Bishop Dan Martins of Springfield is one of seven bishops being investigated on disciplinary charges brought against them by an as yet unknown party for reasons seemingly rooted in their filing an amicus curaein support of the breakaway Diocese of Fort Worth in a property case currently before the Texas Supreme Court. Two other bishops are under investigation for filing affidavits in supporting a faction that broke away from the Episcopal Diocese of Quincy.
I cannot presume to speak for any of the other eight, but I need to be clear that my intention in attaching my name to the amicus brief was in no way to affect the outcome of that case. As the Bishop of Springfield, which is in Illinois, it is no concern of mine how a property dispute in Texas is resolved. If my action has the effect of aiding one side or the other, that is, from my perspective, an immaterial consequence. Rather, I took the action I did with the best interests of the Episcopal Church and the Diocese of Springfield, as nearly as I can discern them, at heart. My principal concern was to not leave unchallenged the assertion that the Episcopal Church is a unitary hierarchical organism at all levels, and that the dioceses are entirely creatures of General Convention. I viewed signing the amicus brief as consistent with my vow to uphold the doctrine and discipline of the Episcopal Church.

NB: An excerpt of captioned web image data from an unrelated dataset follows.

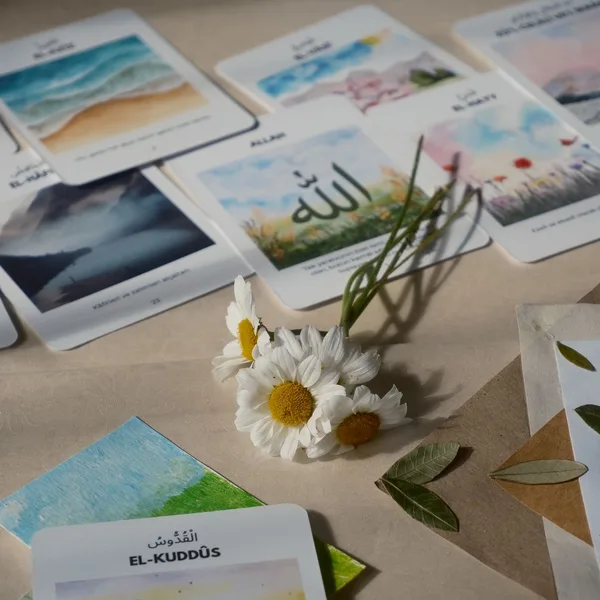 Jeu de cartes 99 noms d’Allah enfant mémoire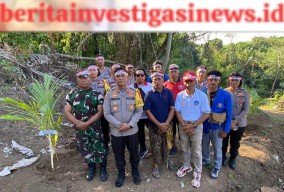 Lestarikan Negeri, Kapolres AKBP Teguh Priyo Wasono Tanam Ratusan Pohon Kelapa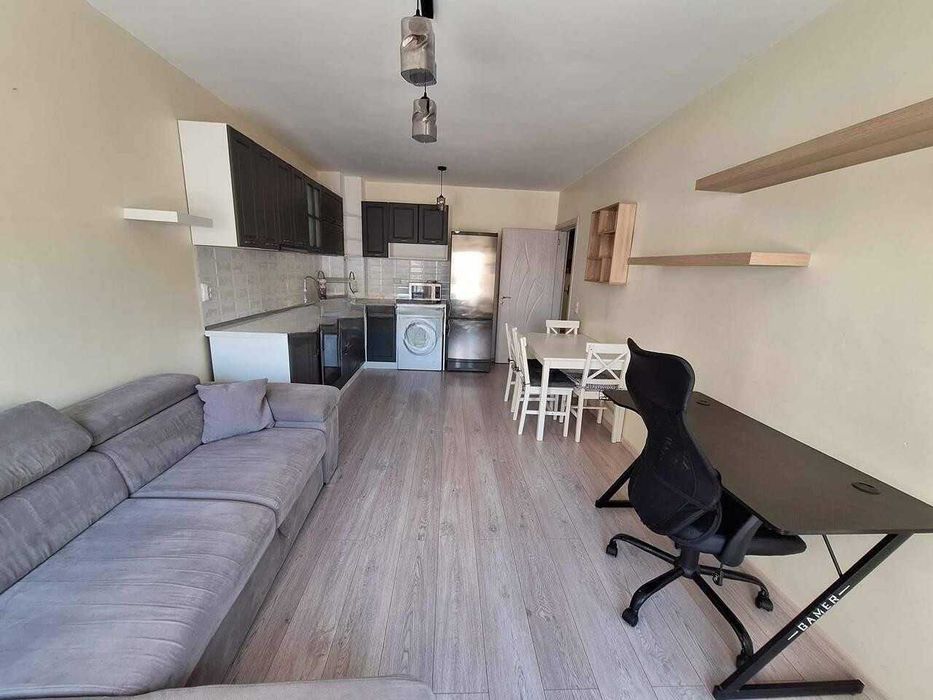 Двустаен Апартамент в Кършияка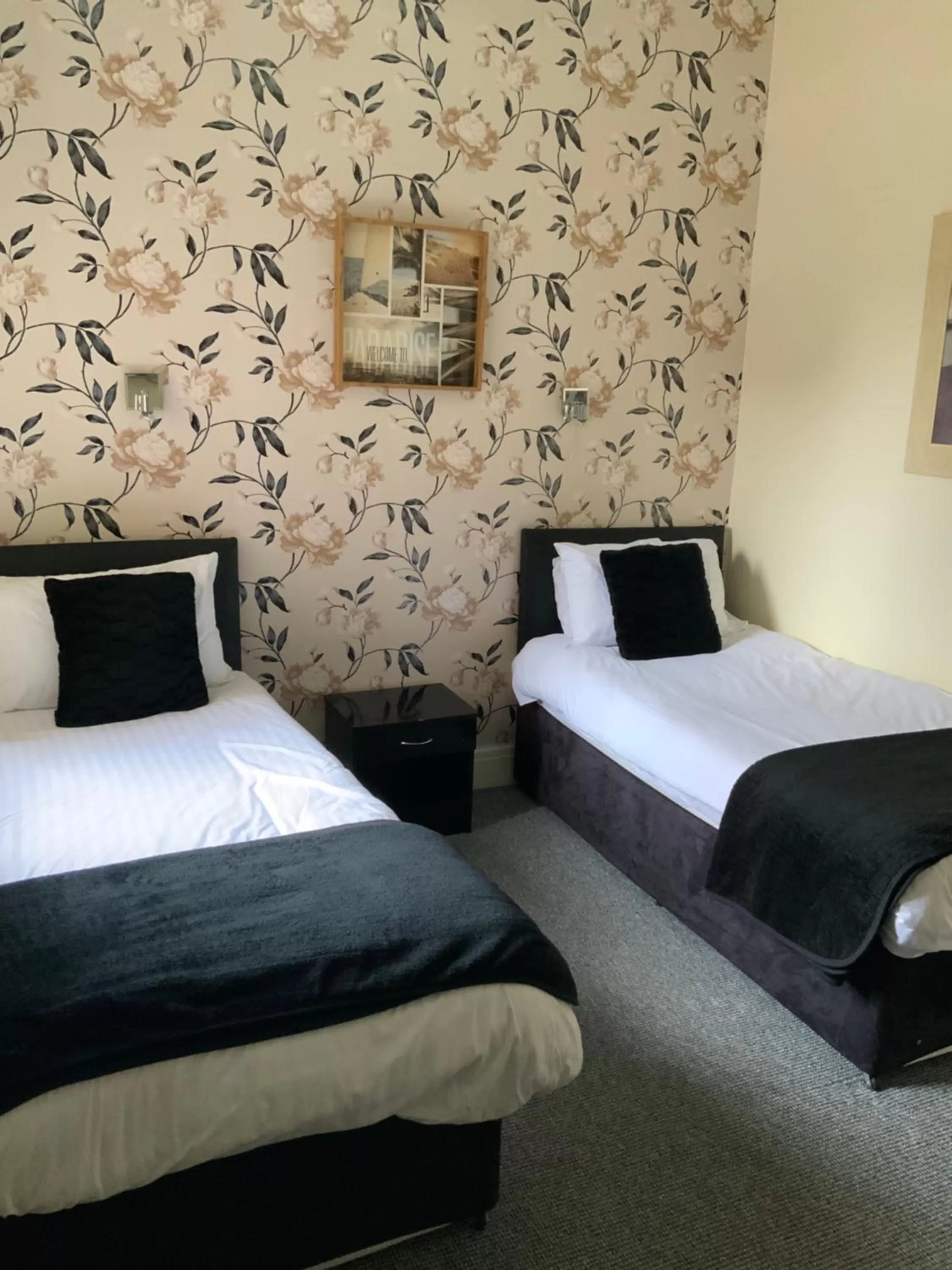 Standard Twin Room in The Spread Eagle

I certainly signed on reluctantly and reservedly. As a matter of general principle, I am opposed to litigating church disputes in secular courts. Lots of scripture passages are challenging to interpret, but I don’t think I Corinthians 10 is one of them. “Why not rather be defrauded?”, St Paul says. Moreover, I realize how my action could be construed as one bishop interfering in the affairs of a fellow bishop’s diocese, which is a big No-No. So I had to make a judgment call, and my judgment, after reflection and prayer, was that I had to join the intervention, because to allow such a false read of TEC polity to potentially help form legal precedent constitutes a danger that could bring harm to the church for decades to come, and resisting this outcome trumps my other concerns.